Beragam Sebab Program JKN Alami Defisit
Terbaru

Beragam Sebab Program JKN Alami Defisit

Mulai dari kebijakan, operasional/tata kelola manajemen klaim, hingga ketidakpatuhan peserta dalam membayar iuran.

Ady Thea DA
Bacaan 3 Menit
Salah satu kantor layanan BPJS Kesehatan. Foto: Hol
Salah satu kantor layanan BPJS Kesehatan. Foto: Hol

Menjalankan program jaminan sosial sebagaimana mandat konstitusi ternyata tidak mudah. Ada banyak tantangan yang dihadapi badan penyelengara jaminan sosial (BPJS) dalam melaksanakan program jaminan sosial antara lain program Jaminan Kesehatan Nasional (JKN) yang diselenggarakan BPJS Kesehatan sejak 2014 lalu.

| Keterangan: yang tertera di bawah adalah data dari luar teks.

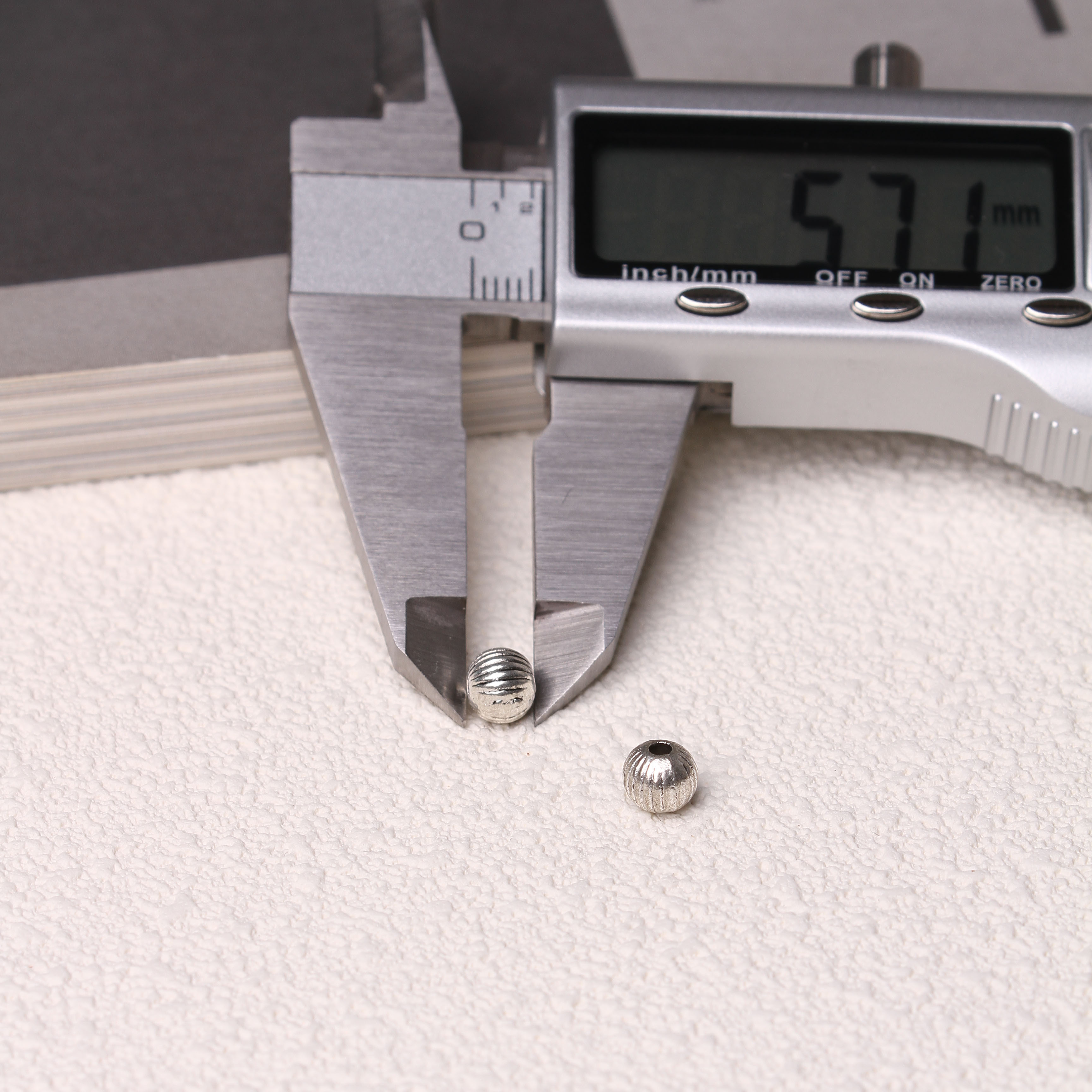 11/01=Tibetan silver charms(ALLOY) =ZS001-ZS100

Persoalan yang kerap dihadapi BPJS Kesehatan dalam mengelola program JKN, salah satunya seperti ketidakseimbangan antara besaran pemasukan dan pengeluaran iuran/biaya layanan kesehatan. Pembiayaan program ini lebih banyak pengeluaran ketimbang pemasukan yang menyebabkan JKN kerap menghadapi persoalan defisit.

Anggota DJSN, Asih Eka Putri, menilai defisit yang dialami program JKN sudah diprediksi sejak awal program ini berjalan. Dia mencatat setidaknya ada 3 hal yang menjadi sebab program JKN kerap mengalami defisit. Pertama, terkait kebijakan yang dipilih pemerintah dimana besaran iuran yang ditetapkan di bawah perhitungan aktuaria. Akibatnya, pemasukan yang diterima BPJS Kesehatan tidak mampu memenuhi belanja program JKN.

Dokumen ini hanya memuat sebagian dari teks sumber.